Fragmentation Pathways of Trifluoroacetyl Derivatives of Methamphetamine, Amphetamine, and Methylenedioxyphenylalkylamine Designer Drugs by Gas Chromatography/Mass Spectrometry

Abstract

Methamphetamine (MA), amphetamine (AM), and the methylenedioxyphenylalkylamine designer drugs, such as 3,4‐methylenedioxymethamphetamine (MDMA), 3,4‐methylenedioxyethylamphetamine (MDEA), N ‐methyl‐1‐(3,4‐methylenedioxyphenyl)‐2‐butanamine (MBDB), 3,4‐methylenedioxyamphetamine (MDA), and 3,4‐(methylenedioxyphenyl)‐2‐butanamine (BDB), are widely abused as psychedelics. In this paper, these compounds were derivatized with trifluoroacetic (TFA) anhydride and analyzed by gas chromatography/mass spectrometry using electron ionization in positive mode.
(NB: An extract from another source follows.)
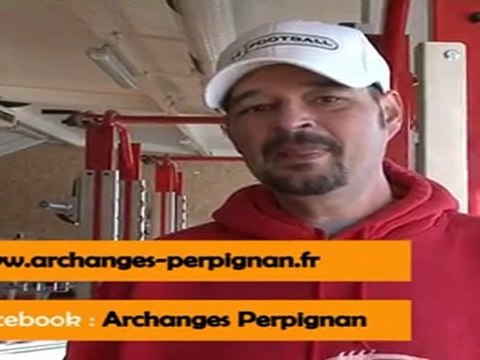 Les à côtés du match USAP RACING METRO 92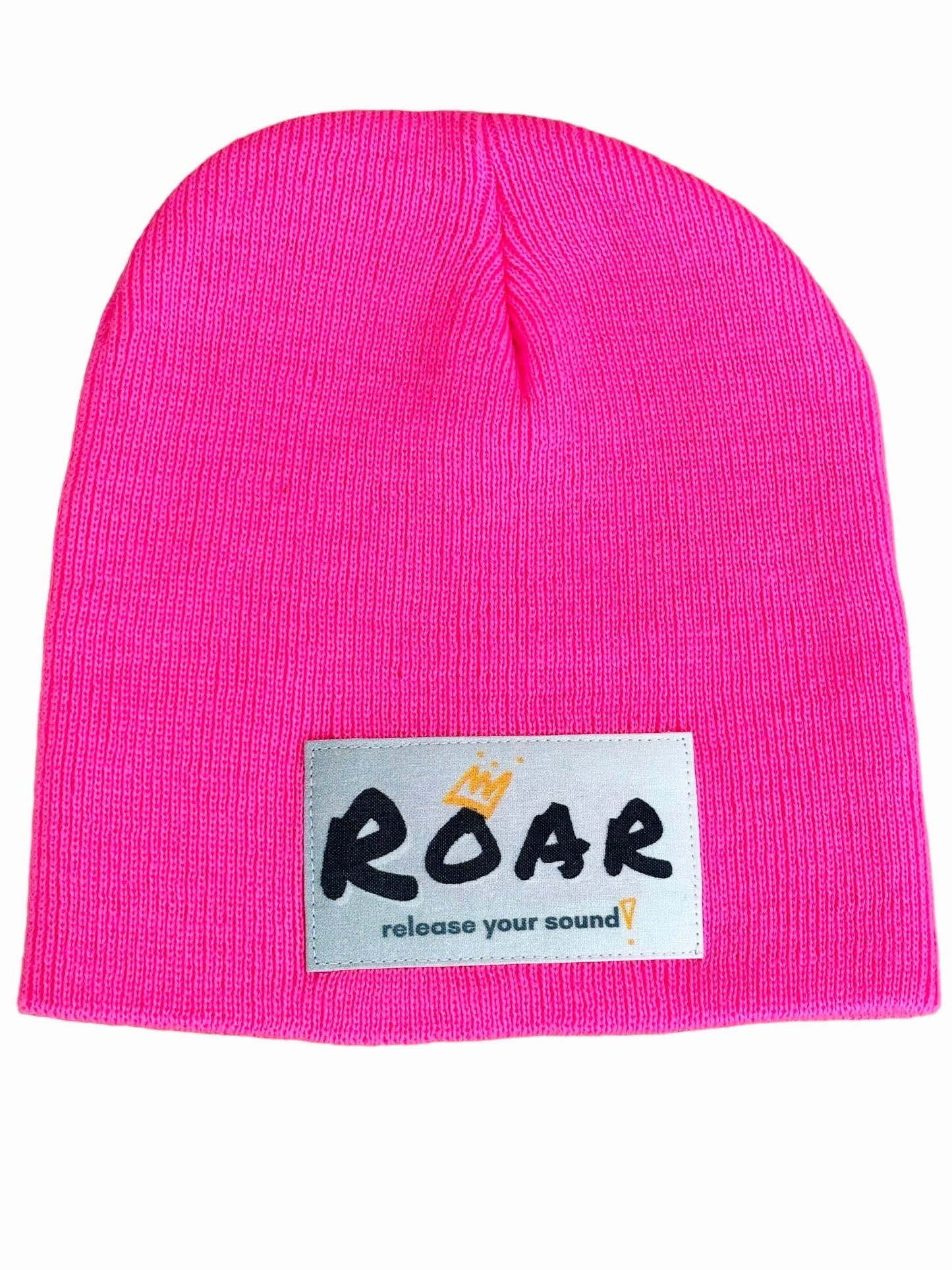 Hot Pink Beanie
Gas chromatographic separation for TFA derivatives of all compounds was successfully resolved using an Equity‐5 fused silica capillary column with a poly (5% diphenyl‐95% dimethylsiloxane) stationary phase. Base peaks or prominent peaks of MA, AM, MDMA, MDEA, MBDB, MDA, and BDB appeared at m/z 154, 140, 154, 168, 168, 135, and 135, respectively. These occurred due to α ‐cleavage from the amide nitrogen, splitting into the TFA imine species and benzyl or methylenedioxybenzyl cations. Further prominent fragment ions at m/z 118 for MA and AM, m/z 162 for MDMA, MDEA, and MDA, and m/z 176 for MBDB and BDB were produced by cleavage of the phenylpropane or methylenedioxypropane hydrocarbon radical cation via a hydrogen rearrangement. These fragmentation pathways for the TFA derivatives of all the compounds are summarized and illustrated in this paper.